• Print  |
  • Feedback  |

Knowledge Base


TS-604

Producing errorbars on a vertical or horizontal bar chart using PROC GCHART

The HBAR and VBAR statements support the following options in Release 6.07 and later of the SAS System.

CLM=confidence-level

The CLM= option draws confidence intervals (error bars) on a horizontal or vertical bar chart with the specified percentage confidence level. Values for confidence-level must be greater than or equal to 50 and less than 100. The default is 95. By default, CLM= draws the intervals using ERRORBAR=BOTH. See the ERRORBAR= option for details on how error bars are computed and drawn.

ERRORBAR=BARS | BOTH | TOP

The ERRORBAR= option draws confidence intervals on a horizontal or vertical bar chart for either: - The mean of the SUMVAR= variable for each midpoint if you specify TYPE=MEAN. - The percentage of observations assigned to each midpoint if you specify TYPE=PCT with no SUMVAR= option. The ERRORBAR= option may not be used with values of the TYPE= option other than MEAN or PCT. Valid values for ERRORBAR= are:

BARS

draws error bars as bars half the width of the main bars.

BOTH

draws error bars as two ticks joined by a line (default).

TOP

draws the error bar as a tick for the upper confidence limit that is joined to the top of the bar by a line.

By default, ERRORBAR= uses a confidence level of 95 percent. You can specify different confidence levels with the CLM= option. When you use ERRORBAR= with TYPE=PCT, the confidence interval is based on a normal approximation. Let TOTAL be the total number of observations, and PCT be the percentage assigned to a given midpoint.

The standard error of the percentage is approximated as:

APSTDERR = 100 * SQRT( (PCT/100) * (1-(PCT/100)) / TOTAL )

Let LEVEL be the confidence level specified using the CLM= option, with a default value of 95. The upper confidence limit for the percentage is computed as:

UCLP = PCT + APSTDERR * PROBIT( 1-(1-LEVEL/100)/2 )

The lower confidence limit for the percentage is computed as:

LCLP = PCT - APSTDERR * PROBIT( 1-(1-LEVEL/100)/2 )

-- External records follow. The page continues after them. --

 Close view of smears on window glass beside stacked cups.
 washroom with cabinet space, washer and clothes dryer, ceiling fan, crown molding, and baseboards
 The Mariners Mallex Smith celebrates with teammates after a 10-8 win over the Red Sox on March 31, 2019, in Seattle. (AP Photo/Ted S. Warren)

When you use ERRORBAR= with TYPE=MEAN, the sum variable must have at least two non-missing values for each midpoint. If the GROUP= option is used, each midpoint within a group must also have two non-missing values.

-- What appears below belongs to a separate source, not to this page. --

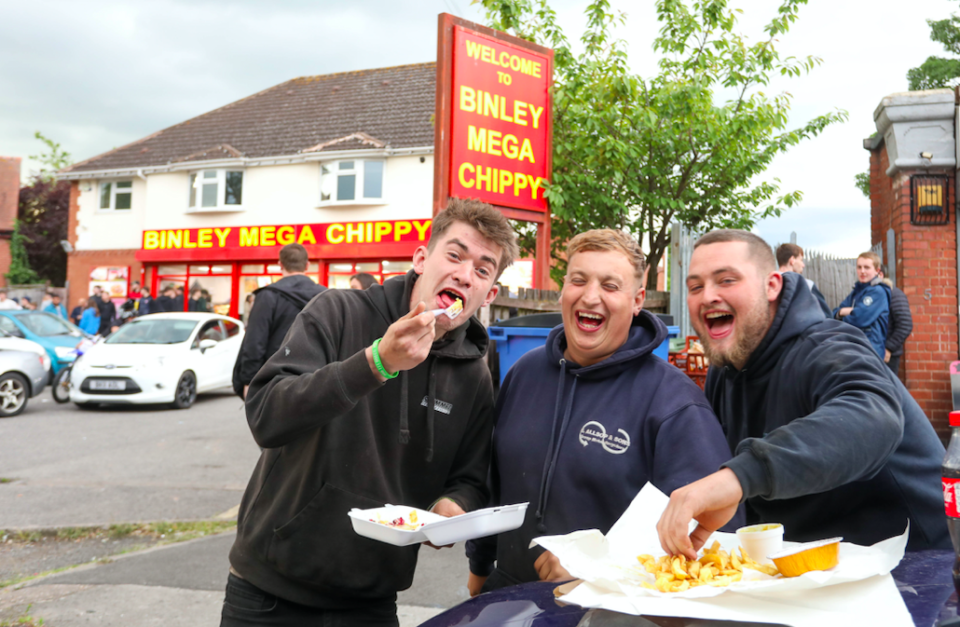 Customers (L-R) Jake, Tom and Josh travelled from Portsmouth for their chips. (SWNS)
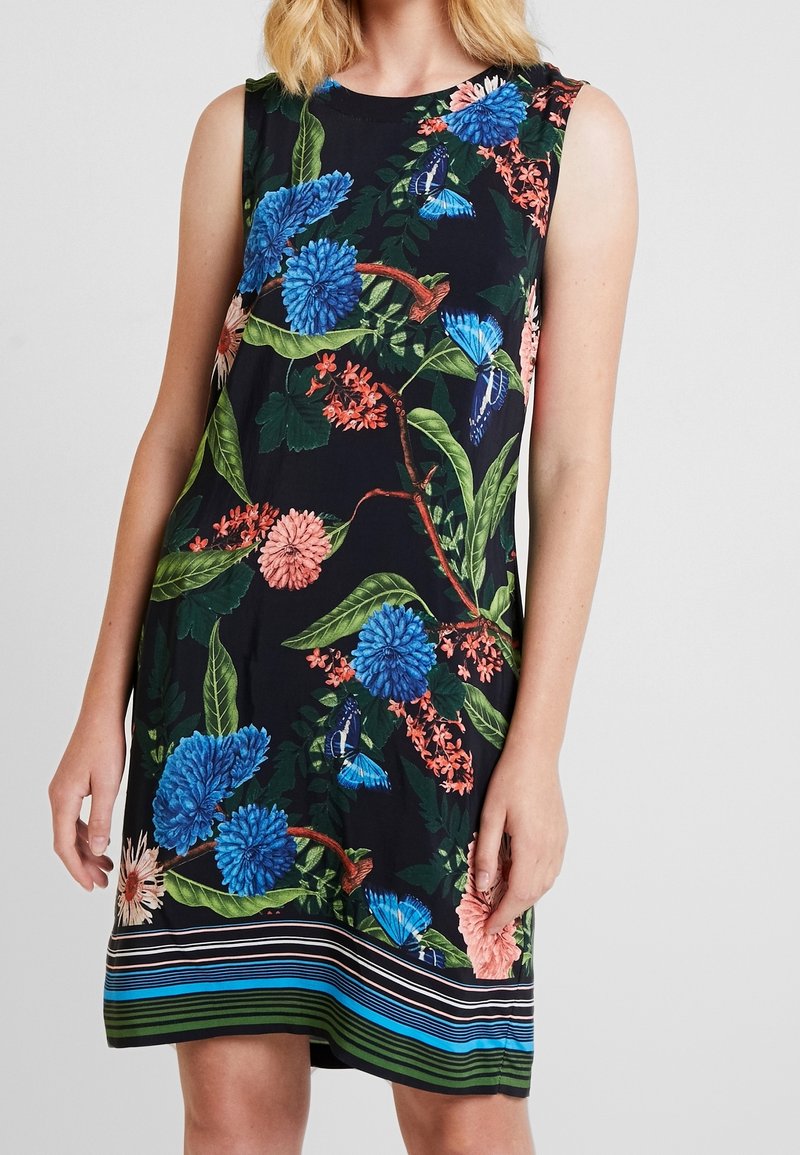 Robe sans manches à fleurs présentant des fleurs bleues et roses sur un fond noir, avec des feuilles vertes et un ourlet rayé en bleu et vert.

Let N be the number of observations assigned to a midpoint, MEAN be the mean of those observation, and STD be the standard deviation of the observations. The standard error of the mean is computed as:

STDERR = STD / SQRT(N)

Let LEVEL be the confidence level specified using the CLM= option, with a default value of 95. The upper confidence limit for the mean is computed as:

UCLM = MEAN + STDERR * TINV( 1-(1-LEVEL/100)/2, N-1)

The lower confidence limit for the mean is computed as: LCLM = MEAN - STDERR * TINV( 1-(1-LEVEL/100)/2, N-1)

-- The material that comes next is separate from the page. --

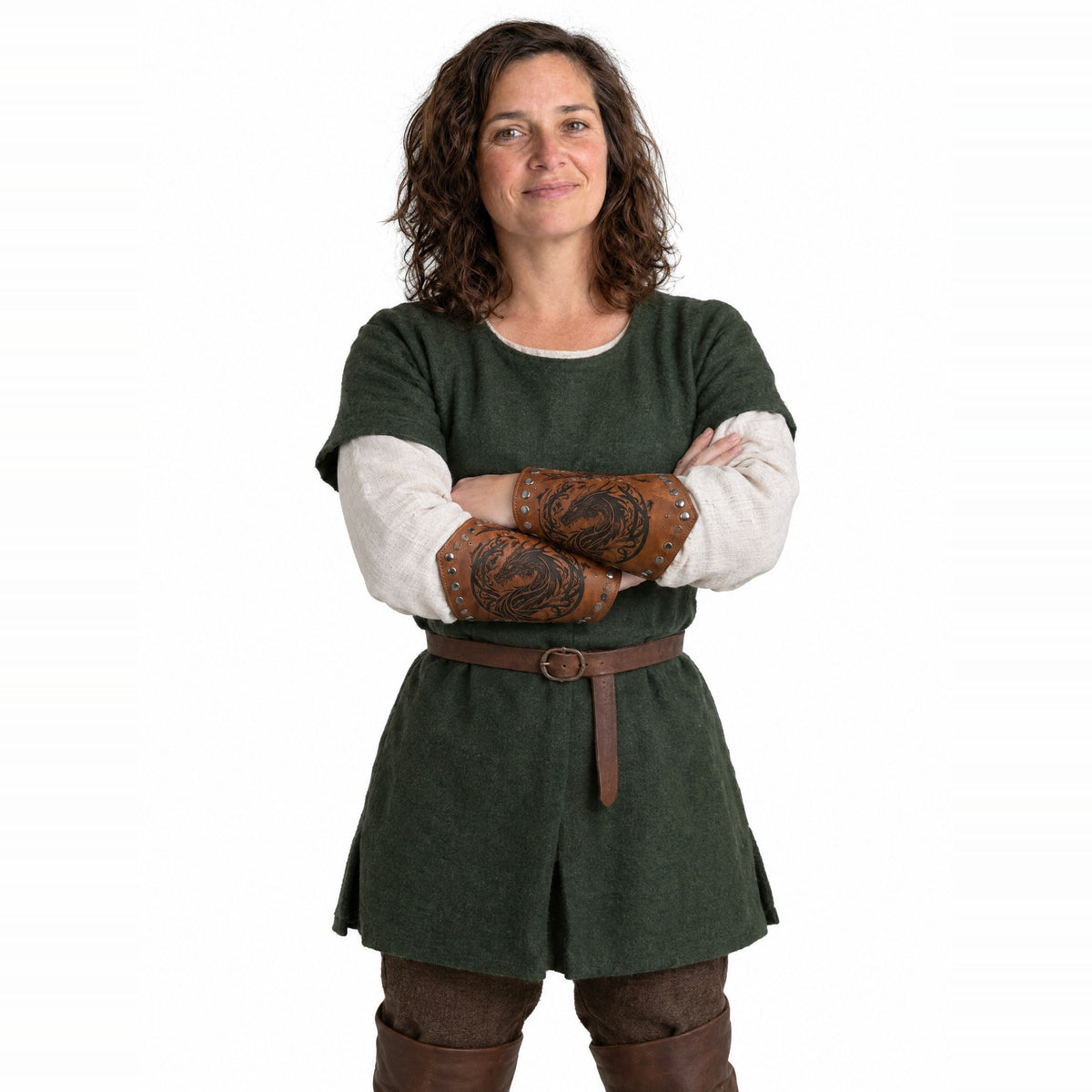 Brown riveted dragon bracers worn by a model on a white background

If you want the error bars to represent a given number C of standard errors instead of a confidence interval, and if the number of observations assigned to each midpoint is the same, then you can find the appropriate value for the CLM= option by running a DATA step.

For example, if you want error bars that represent one standard error (C=1) with a sample size of N, you can run the following DATA step to compute the appropriate value for the CLM= option and assign that value to a macro variable &LEVEL:

    DATA _NULL_;
    C = 1;
    N = 10;
    LEVEL = 100 * (1 - 2 * (1 - PROBT( C, N-1)));
    PUT _ALL_;
    CALL SYMPUT('LEVEL',PUT(LEVEL,BEST12.));
    RUN;
    
When you run the GCHART procedure, you can specify CLM=&LEVEL.

Note: This does not work precisely if different midpoints have different numbers of observations. However, choosing an average value for N may yield sufficiently accurate results for graphical purposes if the sample sizes are large or do not vary much.